**Input data:**
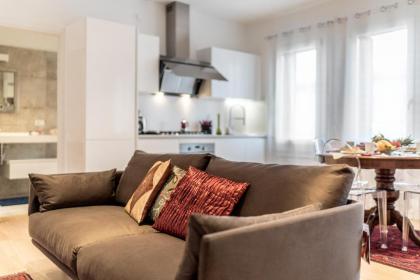 Apt. Venice Modern Style - image 18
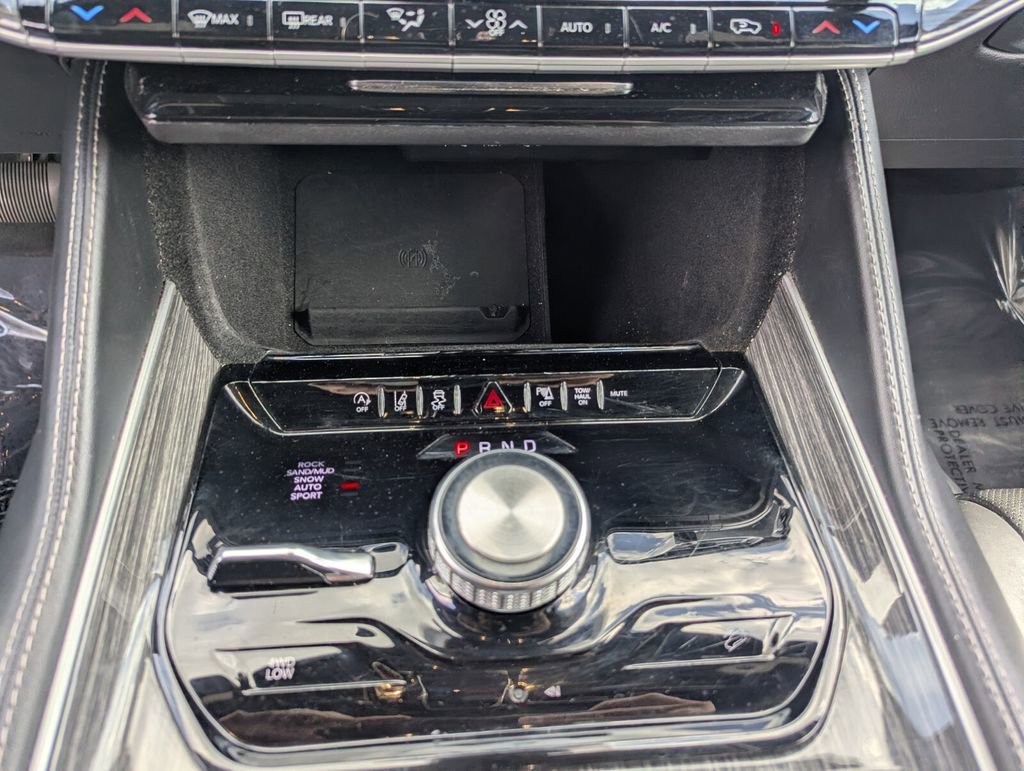 Used 2022 Jeep Wagoneer Series III image 27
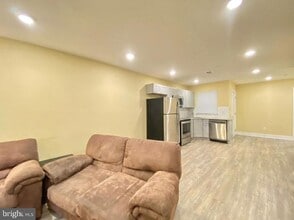 Building Photo - 2214 N Camac St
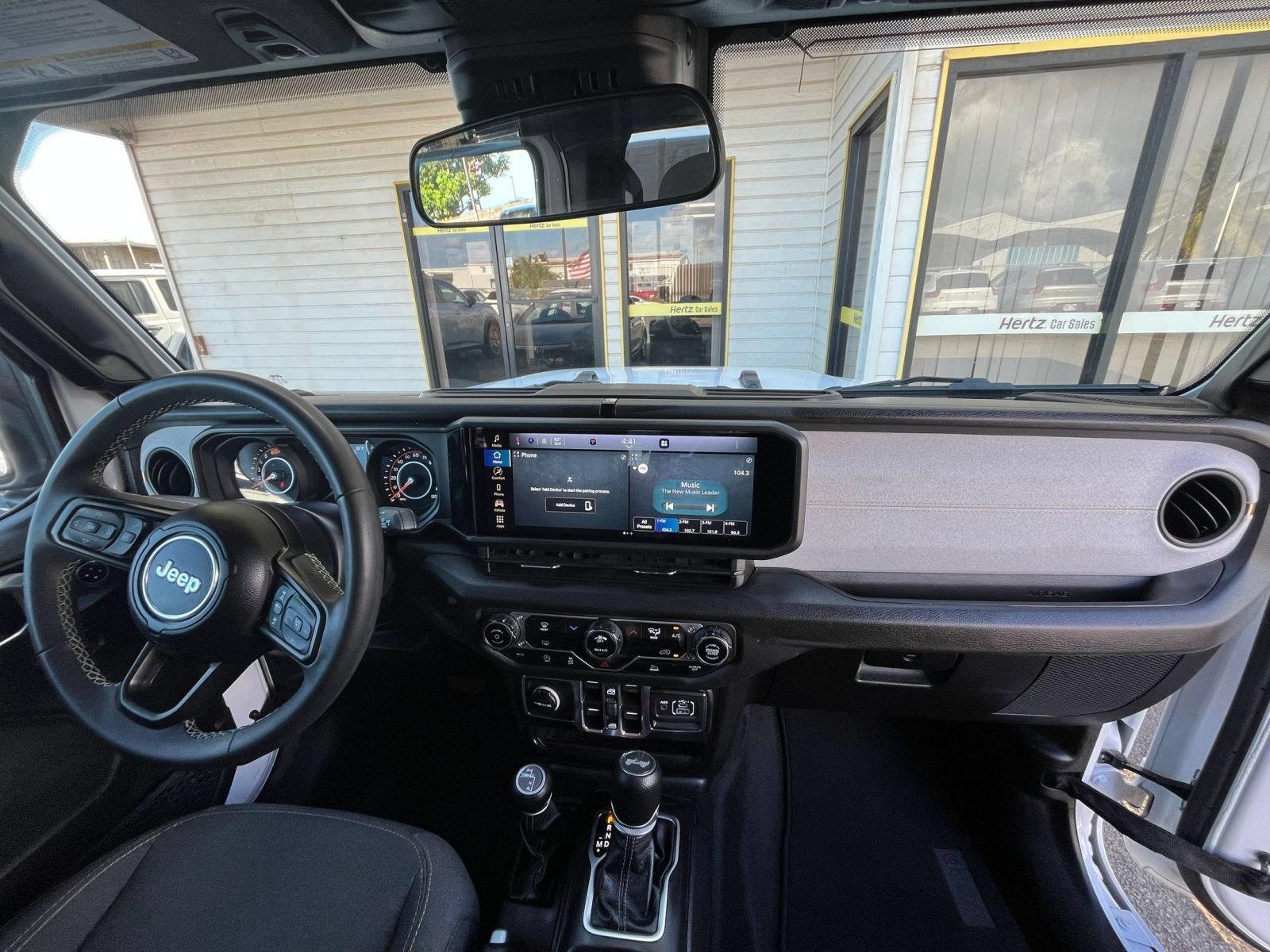 Used 2025 Jeep Wrangler Unlimited Sport AWD/4WD image 33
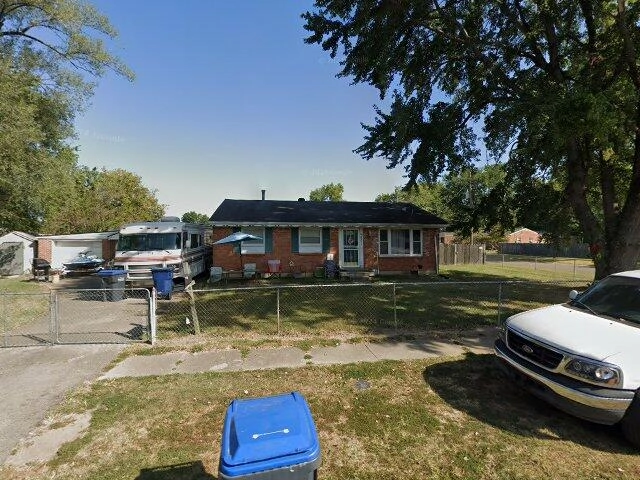 House image located at Louisville, KY 40272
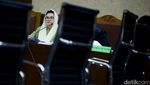 Dua Artis Ini Bersaksi di Sidang Siti Fadilah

**What to do:**
Take every record and copy it word for word, dropping the pictures.

**The answer:**
 Apt. Venice Modern Style - image 18
 Used 2022 Jeep Wagoneer Series III image 27
 Building Photo - 2214 N Camac St
 Used 2025 Jeep Wrangler Unlimited Sport AWD/4WD image 33
 House image located at Louisville, KY 40272
 Dua Artis Ini Bersaksi di Sidang Siti Fadilah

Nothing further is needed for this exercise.